Isclaw had not seen Steven Green since he played freshman football at
Alvarado High School in 2000. An unpredictable kid from a broken home, Green
spent only one year in this small town 60 miles (97 kilometers) outside
Dallas before moving again, dropping out of high school and joining the
Army.

"He was being dropped off to visit some buddies and he didn't even have a
change of clothes," Isclaw recalled. "He asked if he could use the field
house to shower."

Green was gone the next day and it was two more years before Isclaw saw him
again _ in news stories this summer about Green being charged with the
murder of an Iraqi family and the rape of a young girl.

The arrest came six weeks after the Army had discharged Green, a private
with the 101st Airborne Division for an "anti-social personality disorder."
He remains in federal custody awaiting arraignment.

"I feel for the kid," Isclaw said. "I'm not a military guy. I don't know the
ways they are taught. But did we train (Green) to become a killer?"

Known among classmates as "the drifter" from Midland, the West Texas oil
town where Green lived off and on with his father, Green came to Alvarado at
age 14 to live with his father's brother.

He landed a spot on the freshman football team as a wide receiver and
defensive back, and during the first week of practice he got into a fight
with teammate Jerry Poehlein, who head-butted Green and bloodied his nose.
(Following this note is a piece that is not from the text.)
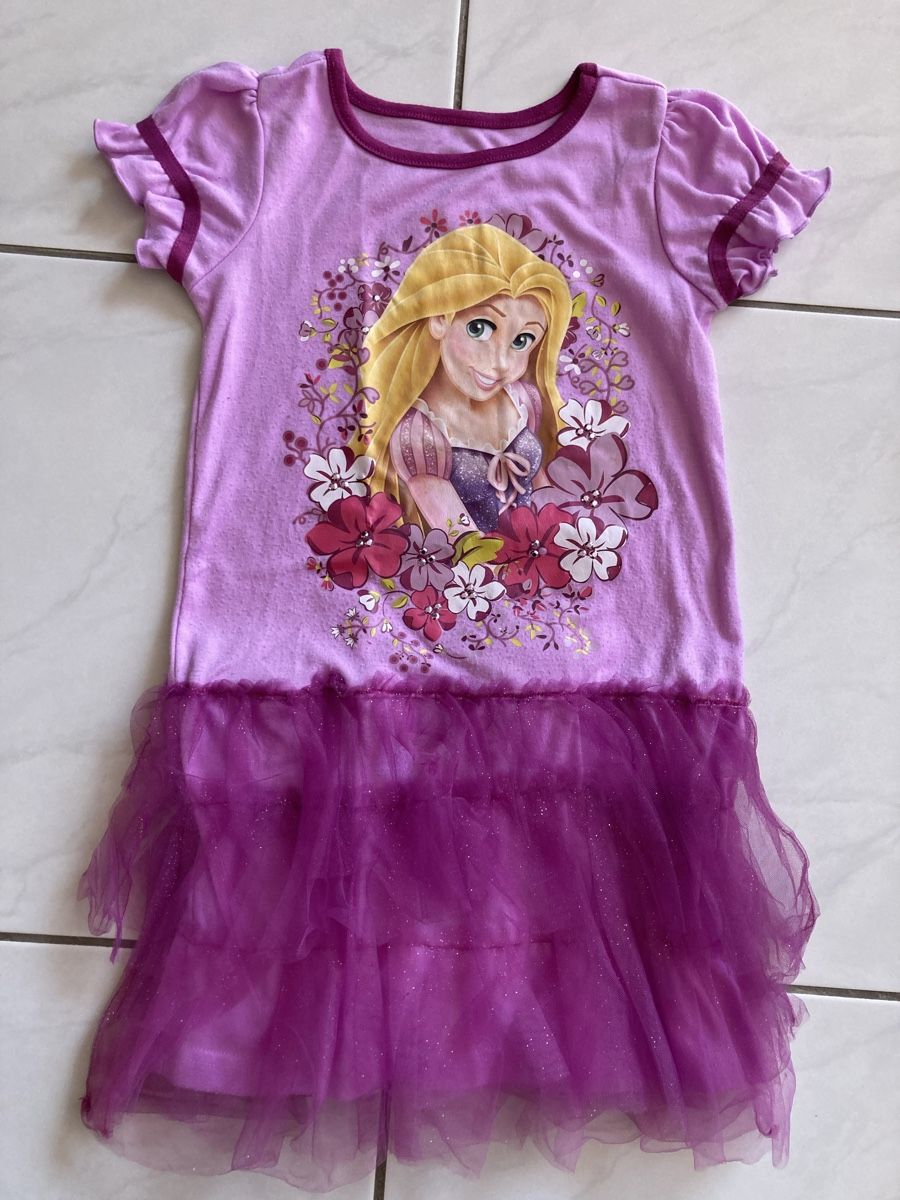 Disney Vestiti & Gonne: Robe Raiponce T.116 – Usato da La Chaux-de-Fonds venduto da katica74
No one remembers what caused the fight but they do remember Green's
reaction: He spent all day at school with a bloodied white T-shirt but
refused to rat out his teammate, simply telling coaches and teachers that he
got bloody noses all the time.

"There was no reason for me to do that to him and him not tell on me,"
Poehlein said. "From that first week you could see he was loyal."

Teammate Cody Ray soon befriended Green.

"Nobody ever talked to him, but he eventually talked to everybody," he said.

"At first I felt sorry for him; nobody seemed to want him, so I befriended
him. After a couple of months, he was one of my good buddies, so it wasn't
me feeling sorry for him anymore," said Ray.

Green constantly sought ways to get noticed. He produced constant laughter
with bizarre dances, kicking his gangly legs like a scarecrow come to life.
He repeatedly crushed soda cans on his forehead until he bled. He told
off-color jokes.

Classmates and coaches said Green did not talk much about his family life.
Both parents have misdemeanor convictions on alcohol-related traffic
violations and they divorced when Green was 4, according to court documents.

Green's father, John Green, who works in the oil industry, sent his son to
Alvarado because he thought a new town would give the teen a fresh start,
classmates said.

John Green would not talk to The Associated Press, on his attorney's advice.
Neither John Green's brother, David, with whom the teen lived for the year,
nor Steven Green's mother, Roxanne Simolke Carr, could be located for
comment.

Away from school, Green sought stability and adult acceptance. He spent
significant time with Ray's family, joining them for dinner, birthday
parties and trips to nearby Fort Worth. He never finished a home-cooked meal
without saying thank you, and he volunteered to take out the trash or help
with dishes, said Ray's mother, Joni Ray.

"He wasn't someone who said, 'poor pitiful me; I got a raw deal,' never
anything like that," Joni Ray said. "But I could tell he didn't get many
home-cooked meals before he came here."

Classmates and coaches said nothing about Green as a teen indicated he was
capable of the violence alleged in the charges.

"The first thing I thought of was, what a shame," former Alvarado coach Joe
Hough said. "Maybe he was starved for attention _ in fact, he definitely was
_ but he wasn't crazy."

"That doesn't sound like anything he would do," said Joni Ray. "I still
can't believe it."
 
Some people can be a victim and a criminal at the same time. But most of them don't become criminals because they were a victim also. It's sad all the way around, no winners, just losers.